Artist Kazimir Malevich’s Wilhelm’s Merry-Go-Round shows Wilhelm II, the German Kaiser, running round in circles as his army suffers defeat.
Curator Dr Matthew Shaw Speaks Exclusively to Decoded Past
Dr Matthew Shaw and Alison Bailey curated Enduring War, and Dr Shaw spoke exclusively to Decoded Past.
Decoded Past: How long does it take to plan an exhibition like this?
Dr Matthew Shaw: The exhibition here at the Library took several years to put together. We knew three years ago when we started working on the Europeana collection that we’d want an exhibition to tie in with that, and about a year ago we really started in earnest putting together a list , going through the conservation procedures and so forth and starting to plan what the exhibition would actually be.
Decoded Past: With such a vast collection at your disposal how difficult was it to choose what to include or exclude. How do you decide?
Dr Matthew Shaw: Enduring War is a free exhibition in the front hall so we have some constraints in terms of the light levels and so forth. We had to limit it to eighty items which is quite a lot for this space. Actually, it’s a drop in the ocean when you think of the Library’s collections. We really wanted to focus on things that illustrated the various points we were drawing out but that also brought out the real human connections like the schoolboy’s account of the Zeppelin raid or the poignant last letter sent home from the Front.

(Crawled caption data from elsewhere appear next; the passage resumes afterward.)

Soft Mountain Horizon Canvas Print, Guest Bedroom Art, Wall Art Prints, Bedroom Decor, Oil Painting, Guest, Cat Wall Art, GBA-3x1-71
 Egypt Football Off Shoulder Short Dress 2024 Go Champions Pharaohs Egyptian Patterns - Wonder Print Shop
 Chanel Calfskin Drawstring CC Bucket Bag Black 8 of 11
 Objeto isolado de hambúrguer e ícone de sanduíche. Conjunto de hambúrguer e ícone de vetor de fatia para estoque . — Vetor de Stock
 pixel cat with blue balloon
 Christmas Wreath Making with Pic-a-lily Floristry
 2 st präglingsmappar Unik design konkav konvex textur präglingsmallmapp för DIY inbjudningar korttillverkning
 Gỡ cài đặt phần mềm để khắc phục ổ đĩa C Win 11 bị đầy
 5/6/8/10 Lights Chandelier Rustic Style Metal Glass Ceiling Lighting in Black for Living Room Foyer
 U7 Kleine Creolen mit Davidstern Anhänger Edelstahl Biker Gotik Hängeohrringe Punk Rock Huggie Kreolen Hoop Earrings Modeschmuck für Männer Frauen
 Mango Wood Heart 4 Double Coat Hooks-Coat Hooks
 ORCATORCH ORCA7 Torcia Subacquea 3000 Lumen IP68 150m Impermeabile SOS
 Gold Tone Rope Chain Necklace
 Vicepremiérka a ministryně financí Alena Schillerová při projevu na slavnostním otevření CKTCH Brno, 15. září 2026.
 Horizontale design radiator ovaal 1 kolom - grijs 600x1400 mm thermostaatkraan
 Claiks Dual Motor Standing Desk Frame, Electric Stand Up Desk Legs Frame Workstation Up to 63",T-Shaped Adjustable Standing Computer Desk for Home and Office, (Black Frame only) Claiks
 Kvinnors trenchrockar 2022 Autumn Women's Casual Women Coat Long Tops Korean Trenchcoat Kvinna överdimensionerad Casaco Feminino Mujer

Decoded Past: The exhibition also showcases the Library’s work for Europeana 1914-1918 – can you tell my readers a bit more about this project?
Dr Matthew Shaw: Europeana 1914-1918 is a free major online digital resource with over half a million items from libraries across Europe as well as materials that people have found in their attics and brought in to collection days across Europe. They’ve been digitised and added to the collection along with film from the period… it allows research across all these collections.
The Library has created a learning site, a web resource at British Library/WorldWarOne which has five hundred of the best items, experts’ essays, texts and learning resources. Also there’s a book just been published by British Library publications called ‘Hidden Stories of the First World War’ which draws out the real gems of those uncovered histories of these collection days.
Decoded Past: What message do you hope people will take from the exhibition?
Dr Matthew Shaw: The exhibition doesn’t really have a message… it really tries to answer the question ‘how do people cope?’ We want to make the experience of the war more human, more complicated perhaps, than stereotypical views of the war might be. We want to explore the range of experiences and the responses people had… from the sense that it was a sacrifice worth making, that people felt they had to serve the values of the day, through to those who were very quickly disillusioned with war. And how did people cope at home? Why did people volunteer to knit and how did they find the experience of working in munitions factories? For example, what was it like to be an Indian soldier going round the world to serve on the Western Front?
Enduring War: Grief, Grit and Humour at the British Library
Enduring War: Grief, Grit and Humour offers a valuable insight into how people coped with life during the First World War. The exhibit is open until 12th October 2014 at the British Library.